Blue collars and coffee beans

Yes it is a jumbled title – but reflective of life as of late. Between my professional project, The Groundhog Day Meet Up at the Kitchener-Waterloo Art Gallery (more about that tomorrow) and keeping up with the amazing opportunities that friends are creating within our arts community, I am running low on words and energy! Here are a couple that I hope will steer you in the right direction during February.

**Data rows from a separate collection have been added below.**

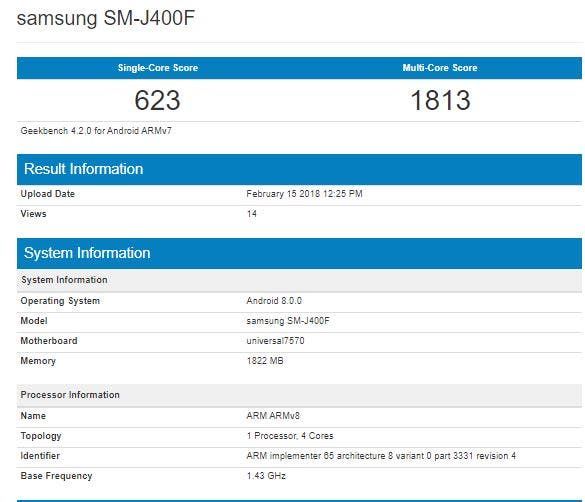 Alleged Samsung Galaxy J4 spotted on Geekbench with Exynos 7570 SoC, 2GB RAM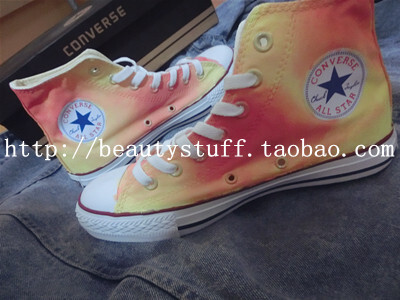 △暴力芭比SPANK风 独家 迷幻 渐变色 帆布鞋 PINK女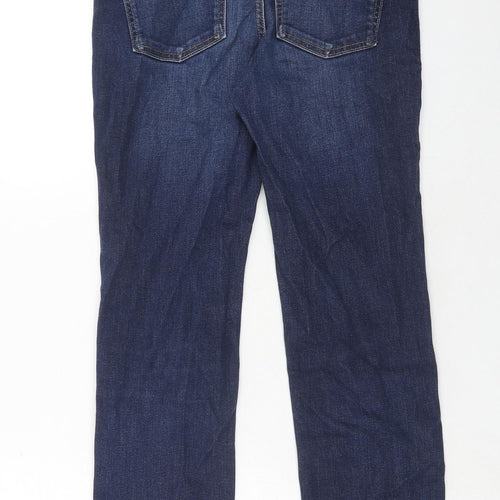 Marks and Spencer Womens Blue Cotton Straight Jeans Size 10 Regular Zip
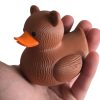 Brown Bear Duck Figurine – Quirky Bear-Themed Collectible Rubber Duck Desktop Decoration Gift for Home Office – 3D Printed in Canada — 3D Printed Collectible by 3DCentral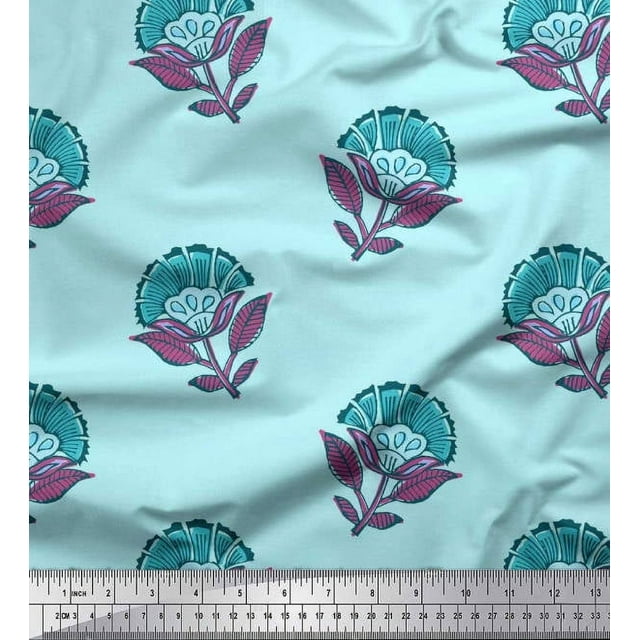 Soimoi Polyester Crepe Fabric Leaves & Floral Block Decor Fabric Printed Yard 42 Inch Wide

Self Portrait by Jennifer Gough

Local artist  Jennifer Gough has opened a month long show at Kava Bean Commons “From the inside, Out”. I’m certainly an unabashed fan of her and her work  and recently helped celebrate her birthday at her Kitchener studio, which is evocative of a really cool martini lounge hung with great art. Anyone is welcome to visit the studio, just book with her in advance  – don’t forget your check book though, it is hard to walk out without something in hand. Of her current show Jennifer says:

” Most of my work is inspired by life experience and human emotion.  Taking those feelings and expressing them through art, I examine and depict a range of attributes and emotions that I think we all experience and strive to achieve.  The result I believe is a collection of pieces that people can relate to in their own lives and experiences.”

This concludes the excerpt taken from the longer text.